Mesmo com a fama mundial, o jogador não se esqueceu de onde veio: sempre esteve comprometido com as causas populares, defendeu a soberania latino-americana e denunciou as falcatruas da cartolagem futebolística

  • Francisco Fernandes Ladeira
Publicado em 26/11/2020 às 13h00
Maradona conduziu a Argentina ao título da Copa do Mundo de 1986
Maradona conduziu a Argentina ao título da Copa do Mundo de 1986. Crédito: REUTERS/Gary Hershorn

Em 2012, o então articulista da revista Veja, Reinado Azevedo, no auge de seu conservadorismo, escreveu um artigo com um dos títulos mais desrespeitosos do jornalismo brasileiro. Em “Morre Oscar Niemeyer, metade gênio e metade idiota”, Azevedo apontava que (segundo sua equivocada concepção) o centenário arquiteto era genial em sua atividade profissional, mas politicamente idiotizado.

A notícia do falecimento de Diego Armando Maradona suscitou reações semelhante as de Azevedo oito anos atrás.
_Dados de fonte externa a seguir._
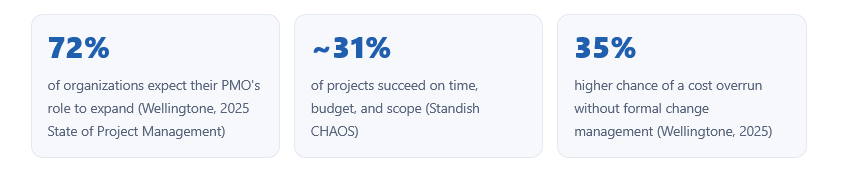 PMO statistik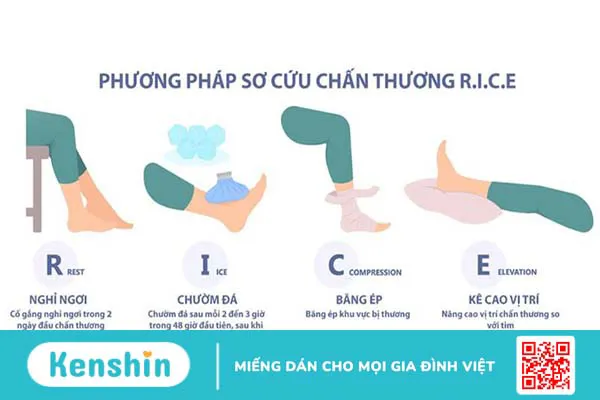 Phương pháp RICE là gì? Biện pháp sơ cứu chấn thương do thể thao hiệu quả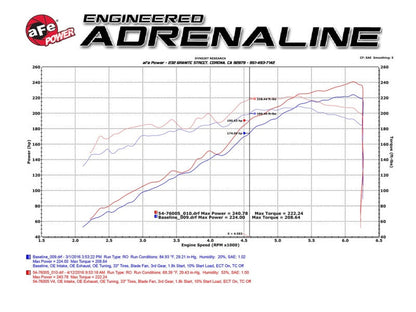 aFe Momentum GT Pro 5R Stage-2 Intake System 2016 Toyota - 54-76005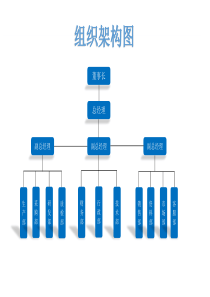 组织架构图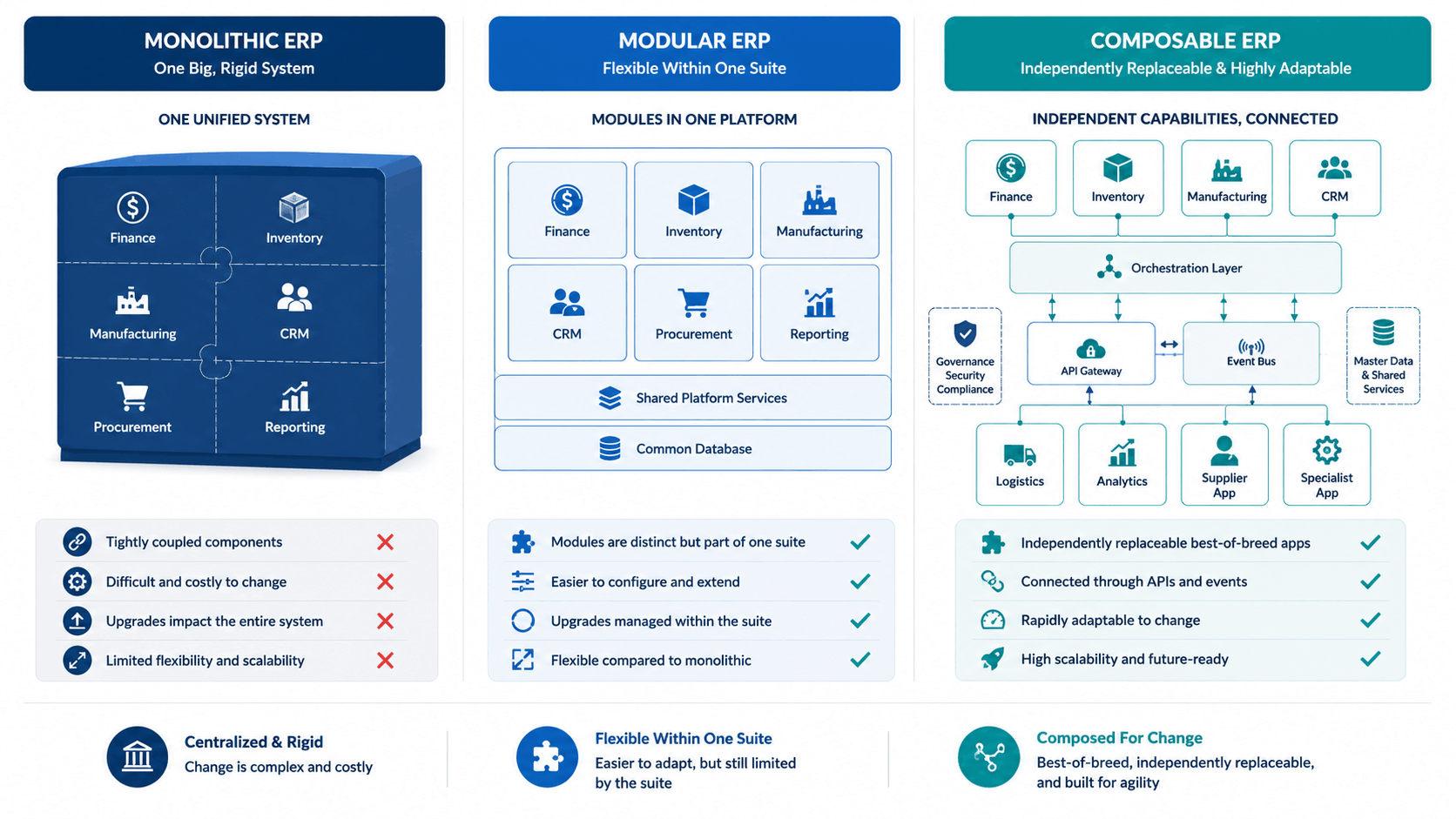 Monolithic ERP vs. Modular ERP vs. Composable ERP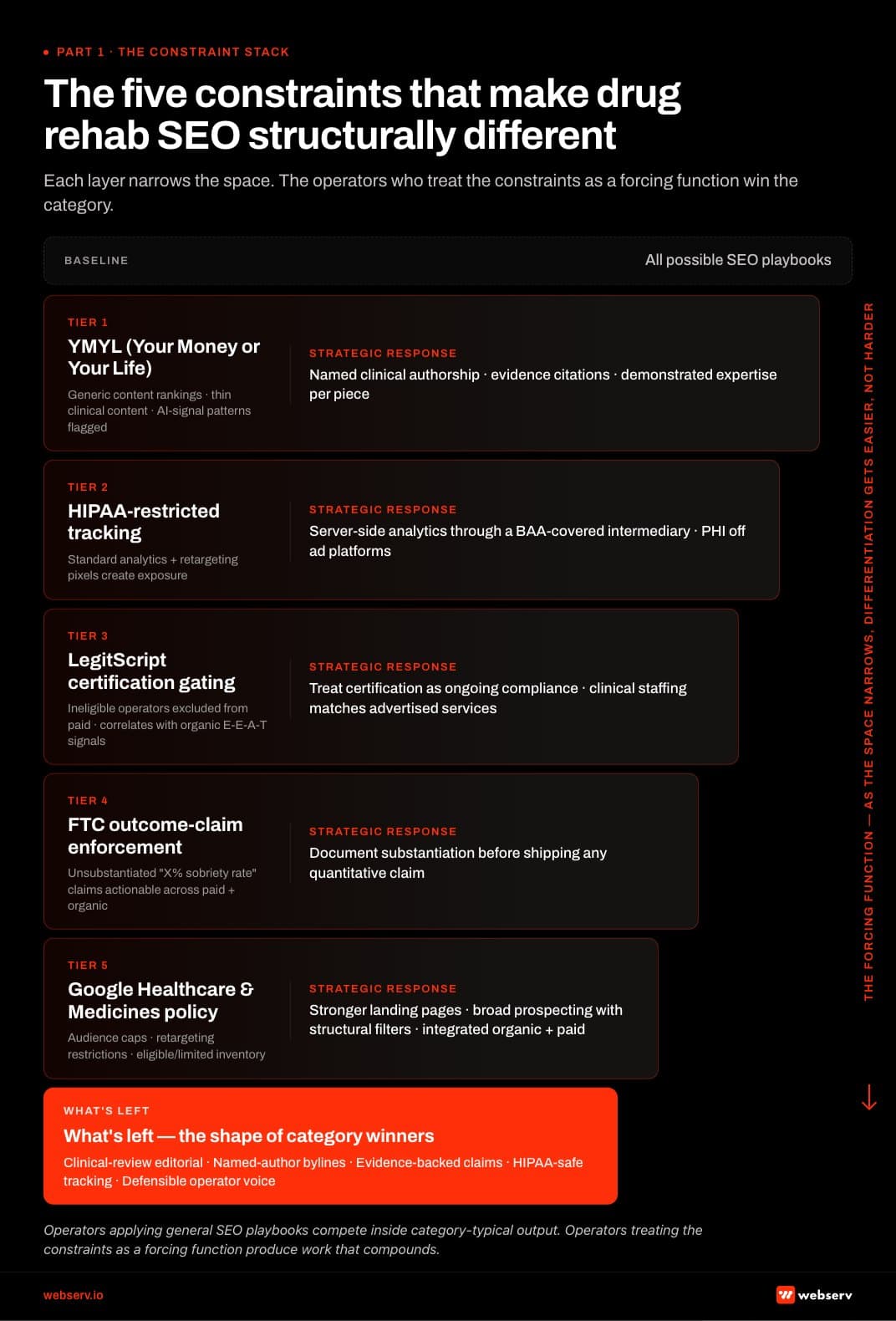 Infographic titled 'The five constraints that make drug rehab SEO structurally different.' Vertical five-tier stack showing each compliance constraint narrowing the SEO space available to addiction treatment marketers. Tier 1 (widest) represents all possible SEO playbooks. Tier 2 YMYL (Your Money or Your Life) restricts generic content rankings, thin clinical content gets buried, AI-signal patterns are flagged; strategic response is named clinical authorship, evidence citations, and demonstrated expertise on every piece. Tier 3 HIPAA-restricted tracking restricts standard analytics and retargeting pixels that create exposure; strategic response is server-side analytics through BAA-covered intermediaries with PHI kept off ad platforms. Tier 4 LegitScript certification gating excludes ineligible operators from paid and correlates with organic E-E-A-T signals; strategic response is treating LegitScript as ongoing compliance, not one-time setup. Tier 5 FTC enforcement on outcome claims restricts unsubstantiated 'X% sobriety rate' claims as actionable across paid and organic; strategic response is documenting substantiation before shipping any quantitative claim. Tier 6 Google Healthcare and Medicines policy applies audience caps, retargeting restrictions, and eligible/limited inventory; strategic response is stronger landing pages, broader prospecting with structural filters, and integrated organic plus paid program. Survivor band at the bottom: clinical-review editorial discipline, named-author bylines, evidence-backed claims, HIPAA-safe tracking, defensible operator voice.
Na impossibilidade de questionar Maradona como jogador, setores reacionários o atacaram a partir de argumentos moralistas e pela posição política. Pois bem, se nos gramados Maradona foi genial; sua outra metade, o ser humano, esteve do lado certo da história.

De família proletária, Maradona, mesmo com a fama mundial, não se esqueceu de onde veio: sempre esteve comprometido com as causas populares. Defendeu a soberania latino-americana, criticou o imperialismo estadunidense, denunciou as falcatruas da cartolagem futebolística, apoiou governos progressistas e se opôs a políticos comprometidos com interesses alheios ao povo. Por ser uma voz engajada, em um meio geralmente alienado, foi odiado pelos poderosos do planeta.

Em campo, ele foi protagonista daquela que é considerada por muitos como a maior vitória da seleção argentina. O resultado positivo contra a Inglaterra, na Copa de 86, não foi uma mera partida de futebol. Pelo menos no plano simbólico, de alguma forma, lavou a alma dos portenhos, apenas quatro depois de serem derrotados pelos britânicos na Guerra das Malvinas.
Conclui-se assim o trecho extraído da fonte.